- Exercise aim
Only the lines below between the ones containing "découvrez comment créer" and "Ivy Lane Bright", inclusive, are to be reproduced, each exactly as it stands.

- The data
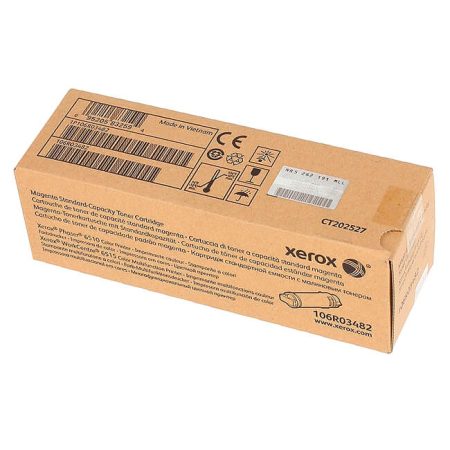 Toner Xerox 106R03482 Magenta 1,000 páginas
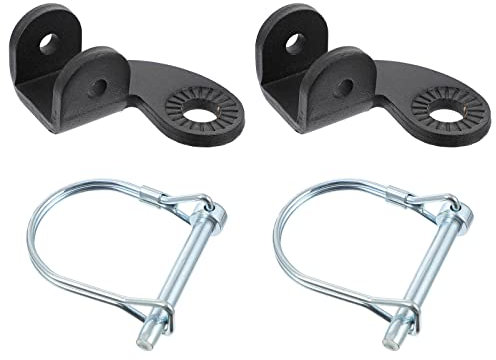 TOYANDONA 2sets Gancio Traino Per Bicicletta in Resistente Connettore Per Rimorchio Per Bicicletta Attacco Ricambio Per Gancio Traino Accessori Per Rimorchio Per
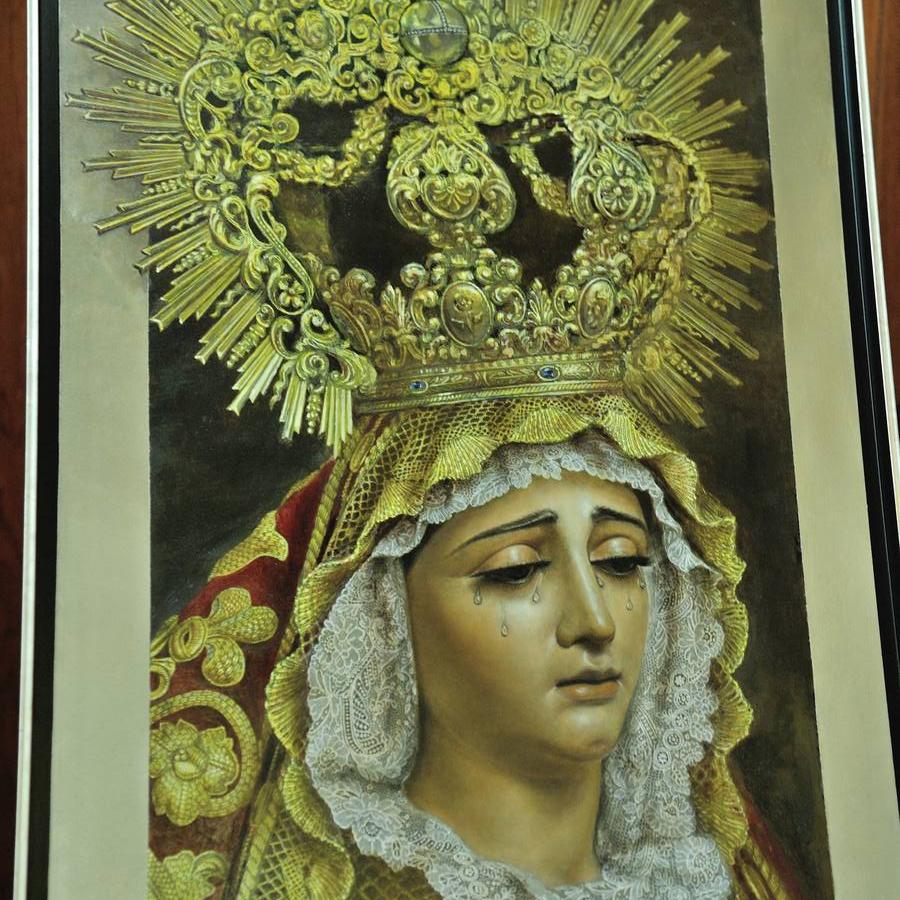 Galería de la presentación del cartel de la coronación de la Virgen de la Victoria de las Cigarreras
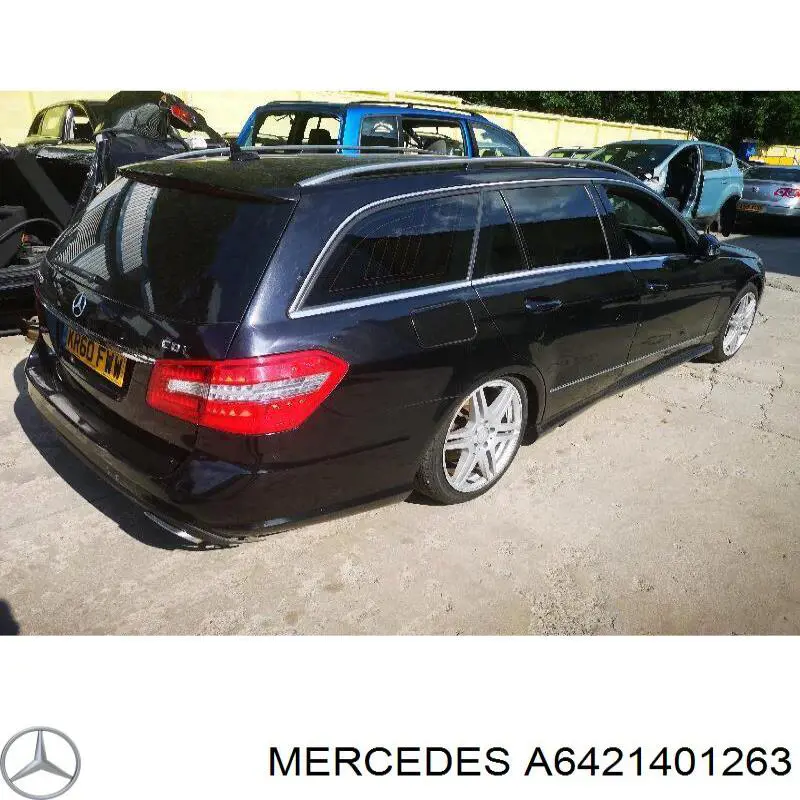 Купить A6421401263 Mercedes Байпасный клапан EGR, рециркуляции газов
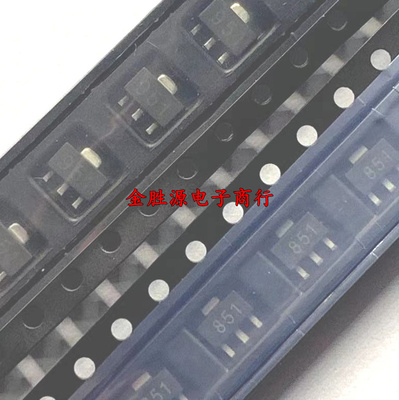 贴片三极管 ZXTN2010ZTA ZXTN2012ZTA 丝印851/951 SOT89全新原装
---
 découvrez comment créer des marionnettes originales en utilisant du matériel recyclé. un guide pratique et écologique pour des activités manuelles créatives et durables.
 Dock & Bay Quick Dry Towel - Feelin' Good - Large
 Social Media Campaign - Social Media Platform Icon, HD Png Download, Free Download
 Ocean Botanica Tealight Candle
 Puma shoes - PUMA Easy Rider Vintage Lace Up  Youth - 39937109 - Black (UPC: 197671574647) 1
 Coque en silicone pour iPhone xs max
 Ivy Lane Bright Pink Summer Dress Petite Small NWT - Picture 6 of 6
---
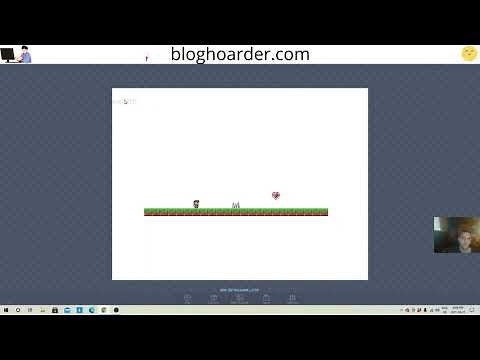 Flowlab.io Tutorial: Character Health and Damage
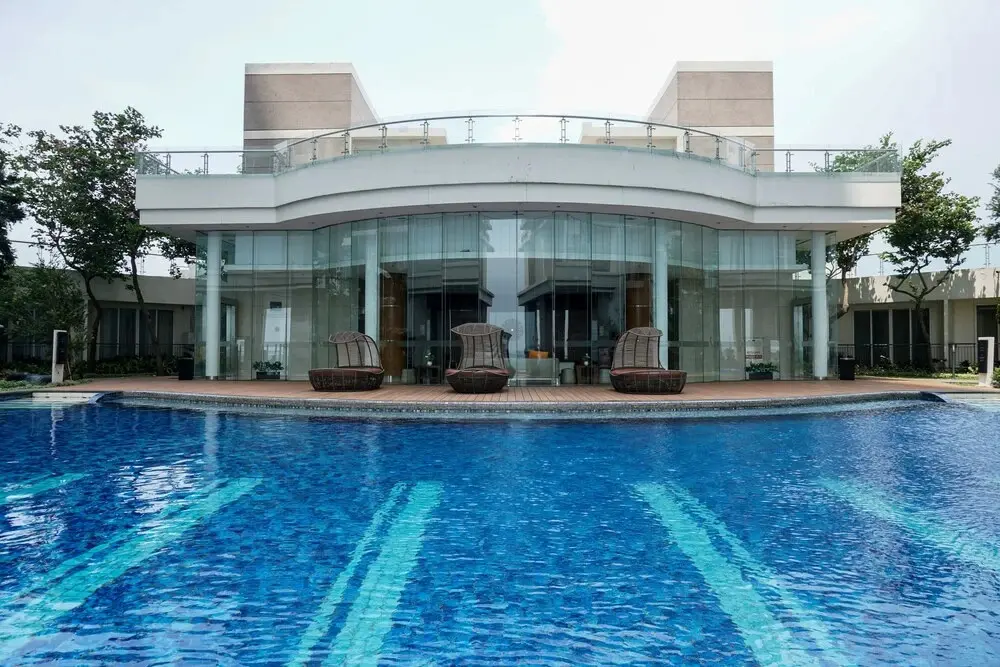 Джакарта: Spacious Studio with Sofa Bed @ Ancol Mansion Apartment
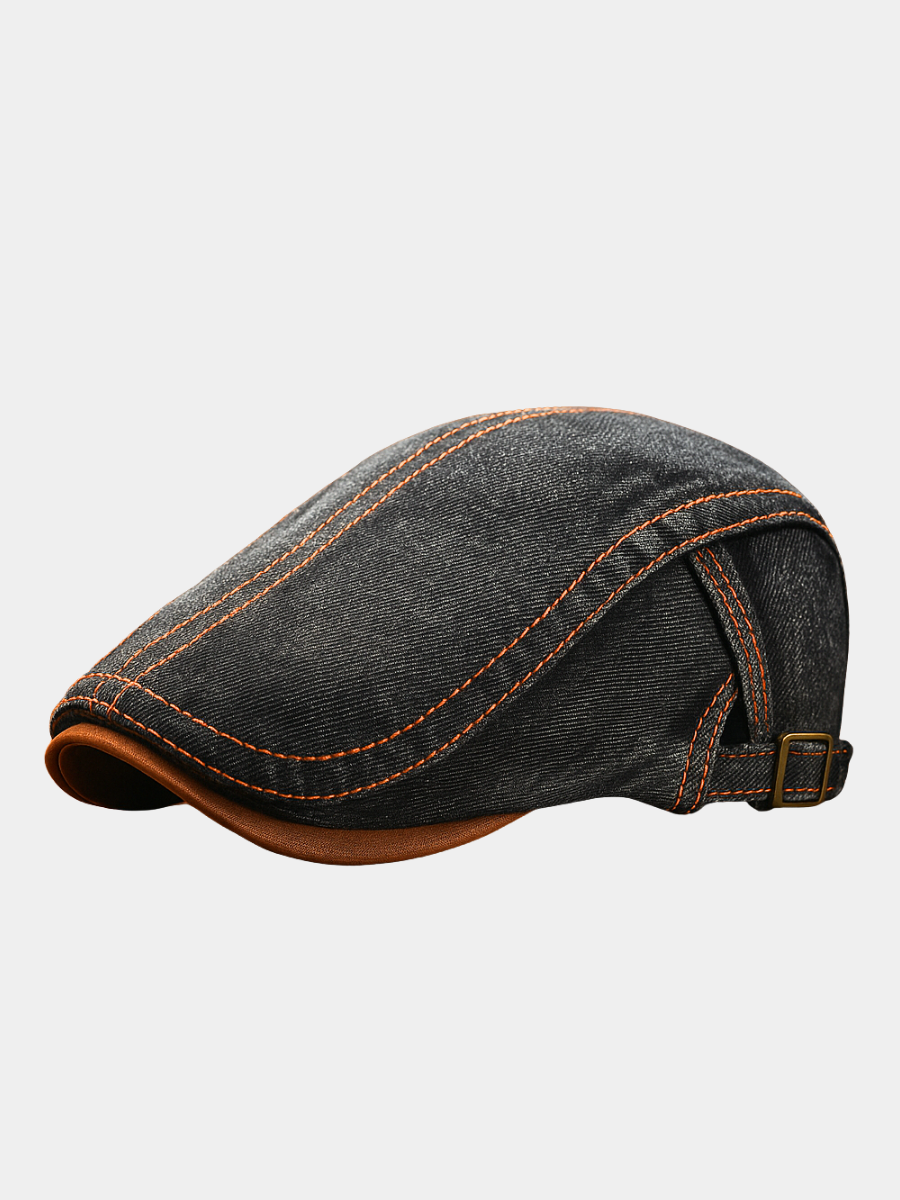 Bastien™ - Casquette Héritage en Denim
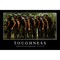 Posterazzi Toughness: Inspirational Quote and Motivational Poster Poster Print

- Task answer
 découvrez comment créer des marionnettes originales en utilisant du matériel recyclé. un guide pratique et écologique pour des activités manuelles créatives et durables.
 Dock & Bay Quick Dry Towel - Feelin' Good - Large
 Social Media Campaign - Social Media Platform Icon, HD Png Download, Free Download
 Ocean Botanica Tealight Candle
 Puma shoes - PUMA Easy Rider Vintage Lace Up  Youth - 39937109 - Black (UPC: 197671574647) 1
 Coque en silicone pour iPhone xs max
 Ivy Lane Bright Pink Summer Dress Petite Small NWT - Picture 6 of 6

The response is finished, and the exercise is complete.